Yeah. This is my fourth decade in the information technology business. I was involved at the very early days in starting Oracle Corporation with Larry Ellison and Bob Miner, in building the relational database business.
My second company was a company that I founded in 1993, called Siebel Systems. Siebel was about the application of information technology and communication technology to the value chains associated with sales, marketing, and customer service. We largely invented the market that is known today as "CRM" or "customer engagement".
That company merged with Oracle in 2006, and in a very good outcome for Oracle, and for the company. Since 2006, we've been focused on making a contribution to the energy dialogue.
This infrastructure is undergoing an upgrade this decade, so that all of the devices in the infrastructure are being sensored in a manner that they're becoming remotely machine addressable. These include, one of the most common examples, which most people are familiar, is the smart meter. It also includes the thermostat, the variable speed fan in Walmart, the smart meter, the transformers, the substations, the vibration sensors on nuclear reactors. They're all being sensored to provide signals in real time.
Worldwide, the investment in this technology upgrade of this decade is two trillion dollars. This will be the largest, and most complex machine ever built. What we have done, is we've effectively been building the operating system for the smart grid.
Yeah. The datasets are staggering. If we give an example of Enel, which is our utility based in Rome, Enel operates 67 million meters in 40 countries. It's a utility roughly the size of the U.S. market. There, we're working on applications associated with revenue protection, which is identifying revenue theft, predictive maintenance, which is identifying devices that are going to fail before they fail. The economic and social benefits of that are obvious.

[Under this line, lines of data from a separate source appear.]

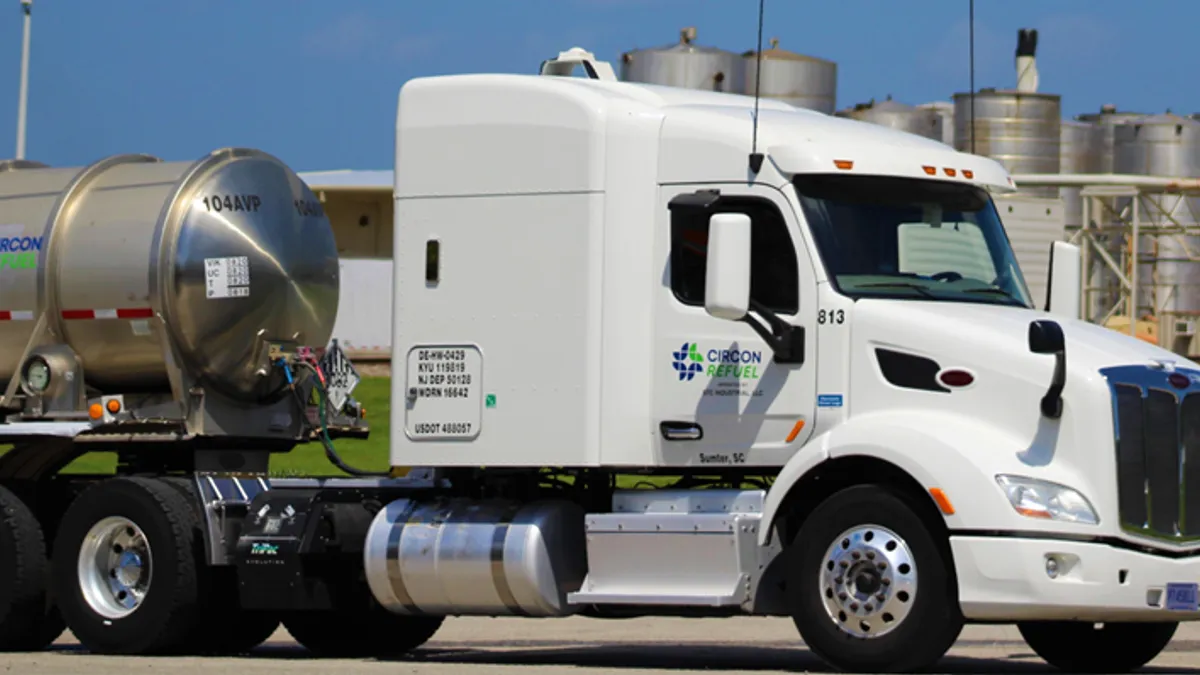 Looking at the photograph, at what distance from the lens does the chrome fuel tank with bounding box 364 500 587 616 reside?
1309 cm

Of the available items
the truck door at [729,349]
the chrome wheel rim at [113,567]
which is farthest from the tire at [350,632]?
the truck door at [729,349]

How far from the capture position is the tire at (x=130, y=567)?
1459cm

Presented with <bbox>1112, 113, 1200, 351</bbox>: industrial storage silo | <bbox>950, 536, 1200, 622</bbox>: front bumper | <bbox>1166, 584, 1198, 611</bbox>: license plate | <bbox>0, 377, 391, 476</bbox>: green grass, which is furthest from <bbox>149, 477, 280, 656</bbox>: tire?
<bbox>1112, 113, 1200, 351</bbox>: industrial storage silo

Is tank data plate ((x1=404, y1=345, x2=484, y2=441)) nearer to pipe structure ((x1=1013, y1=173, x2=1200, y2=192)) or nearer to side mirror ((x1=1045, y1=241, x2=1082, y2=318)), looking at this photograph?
side mirror ((x1=1045, y1=241, x2=1082, y2=318))

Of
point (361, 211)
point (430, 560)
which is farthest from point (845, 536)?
point (361, 211)

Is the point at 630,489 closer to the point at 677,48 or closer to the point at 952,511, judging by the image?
the point at 952,511

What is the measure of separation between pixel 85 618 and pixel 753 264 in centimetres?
559

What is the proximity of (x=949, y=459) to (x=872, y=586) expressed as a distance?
2.74ft

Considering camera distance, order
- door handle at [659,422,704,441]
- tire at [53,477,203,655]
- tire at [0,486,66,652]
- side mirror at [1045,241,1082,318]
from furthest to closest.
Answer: tire at [0,486,66,652] → tire at [53,477,203,655] → side mirror at [1045,241,1082,318] → door handle at [659,422,704,441]

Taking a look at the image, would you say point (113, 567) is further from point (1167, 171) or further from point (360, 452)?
point (1167, 171)

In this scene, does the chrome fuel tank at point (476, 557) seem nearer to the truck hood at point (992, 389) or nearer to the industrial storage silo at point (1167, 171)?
the truck hood at point (992, 389)

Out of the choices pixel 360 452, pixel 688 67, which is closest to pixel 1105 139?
pixel 688 67

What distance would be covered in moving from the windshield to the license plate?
2.08m

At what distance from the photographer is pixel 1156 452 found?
38.6 feet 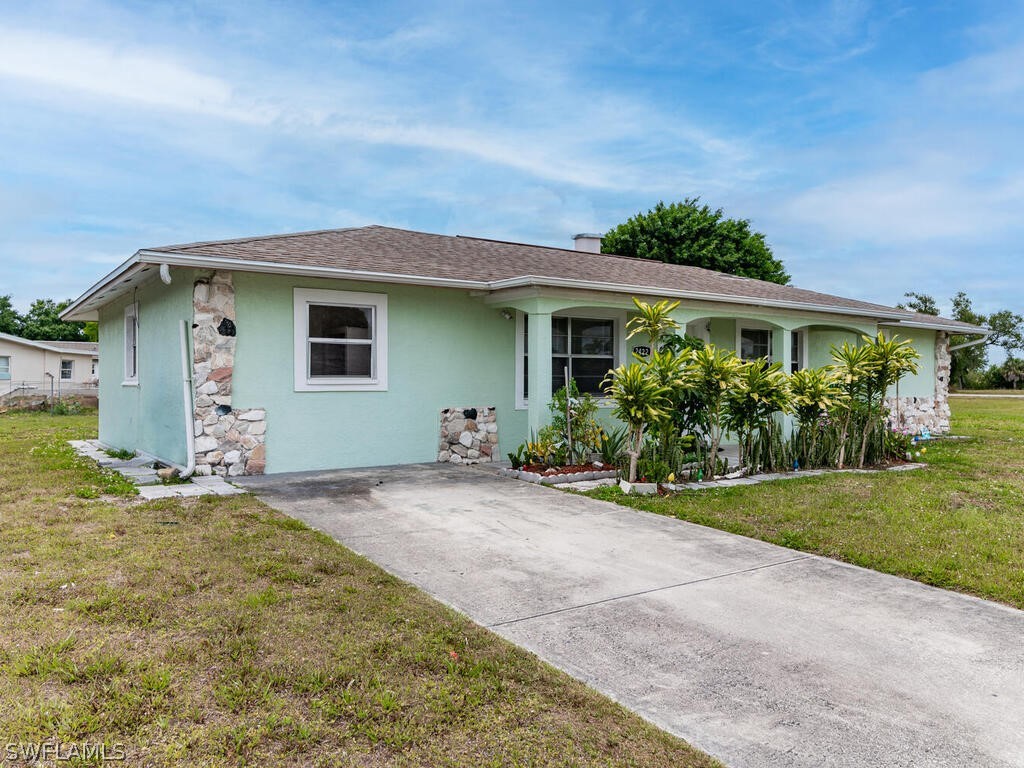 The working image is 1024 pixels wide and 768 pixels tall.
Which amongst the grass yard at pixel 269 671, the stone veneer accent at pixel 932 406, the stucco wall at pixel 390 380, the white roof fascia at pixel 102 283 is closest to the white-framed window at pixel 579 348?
the stucco wall at pixel 390 380

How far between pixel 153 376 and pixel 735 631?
9.06 meters

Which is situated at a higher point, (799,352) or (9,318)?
(9,318)

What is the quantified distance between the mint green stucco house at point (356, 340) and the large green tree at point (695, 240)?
13.5m

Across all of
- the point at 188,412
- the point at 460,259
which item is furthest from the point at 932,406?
the point at 188,412

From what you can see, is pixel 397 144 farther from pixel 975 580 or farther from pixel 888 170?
pixel 975 580

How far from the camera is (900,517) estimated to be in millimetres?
6031

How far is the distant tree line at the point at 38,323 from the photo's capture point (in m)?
46.3

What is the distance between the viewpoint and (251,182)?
1689 cm

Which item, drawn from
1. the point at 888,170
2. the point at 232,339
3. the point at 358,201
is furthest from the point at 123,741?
the point at 358,201

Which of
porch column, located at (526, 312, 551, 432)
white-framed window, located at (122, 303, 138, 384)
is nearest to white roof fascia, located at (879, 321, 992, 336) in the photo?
porch column, located at (526, 312, 551, 432)

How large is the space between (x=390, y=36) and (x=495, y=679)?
1113cm

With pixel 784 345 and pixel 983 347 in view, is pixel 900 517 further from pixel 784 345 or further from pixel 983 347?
pixel 983 347

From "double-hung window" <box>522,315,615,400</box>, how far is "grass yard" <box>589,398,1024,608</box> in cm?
327

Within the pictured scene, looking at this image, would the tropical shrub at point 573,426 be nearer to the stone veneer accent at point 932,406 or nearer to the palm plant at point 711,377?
the palm plant at point 711,377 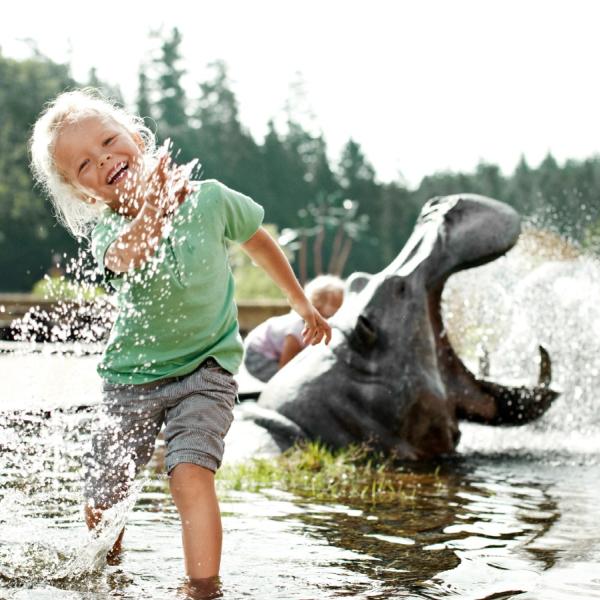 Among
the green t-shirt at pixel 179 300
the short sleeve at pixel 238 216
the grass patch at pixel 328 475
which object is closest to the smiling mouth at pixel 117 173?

This application involves, for Italy alone, where they have 32 million smart meters, this involves the aggregation of seven trillion rows of data into a 700 terabyte cloud image, that grows at the rate of 300 gigabytes a day, and we're processing transactions currently at the rate of 1.5 million transactions per second, which is, by any standards, a record. We do this in large cloud-based, elastic cloud infrastructures.
The economic benefit of that, we're talking about increasing the safety, increasing the reliability, lowering the environmental impact of the processes in Italy and Spain, where the economic benefit, in Italy alone, is on the order of 350 million euros a year.
Predictive maintenance, revenue protection, the economic benefit of what we do is on the order of 300 dollars, per meter, per year to the utility operator. If you have 60 or 70 million meters, this is significantly non-zero. The economic benefit of what we afford Enel, is on the order of six billion euros a year in recurring economic benefit. That's not a very hard sell. The economic benefit that we afford Exelon is on the order of 2.7 billion dollars a year in recurring economic benefit.
I've been in the information technology business for almost as long as the information technology business has been around. I have never been involved with an application in information technology where the economic benefits, the social benefits, and the environmental benefits were so obvious.
Yeah. We have an analogous value chain in, and not a dissimilar value chain, in oil and gas. The difference is, that value chain is already almost fully sensored. They're much further advanced in the sensoring of the wells, the pumps, the lifting systems, the towed arrays, all of it. The data that are available are staggering, and the rates of data acquisition are breathtaking.
These data tend to be stored in discrete, siloed information systems for geophysical systems, or well production, or temperature, or rotational velocity, or whatever the physics are that are measured. We're able to, again, aggregate all of these data into a unified, federated image, and then analyze these data at machine speed to be able to ... let's take an example of predictive maintenance, at any point in time, eight percent of production facilities in the world are down, because of a device failure.
If we can tell an operator what devices are most likely to fail next, and why they're going to fail, they can either fix them, or replace them before they fail. The economic benefit of what we afford Royal Dutch Shell is on the order of five billion dollars a year recurring economic benefit.
When we get into oil and gas, we're dealing with very smart, very sophisticated people who are dealing with leading edge technology. These sensor networks are in place, and these information systems that they have are very, very rich. That's an enormous opportunity.
What we do is aggregate the data from these discrete systems, and be able to handle the influx of all these sensors to make sense out of it. The utility industry is not known to be leading in the information technology industry. The oil and gas industry is. They are absolutely ready for this and can perhaps realize the economic benefit.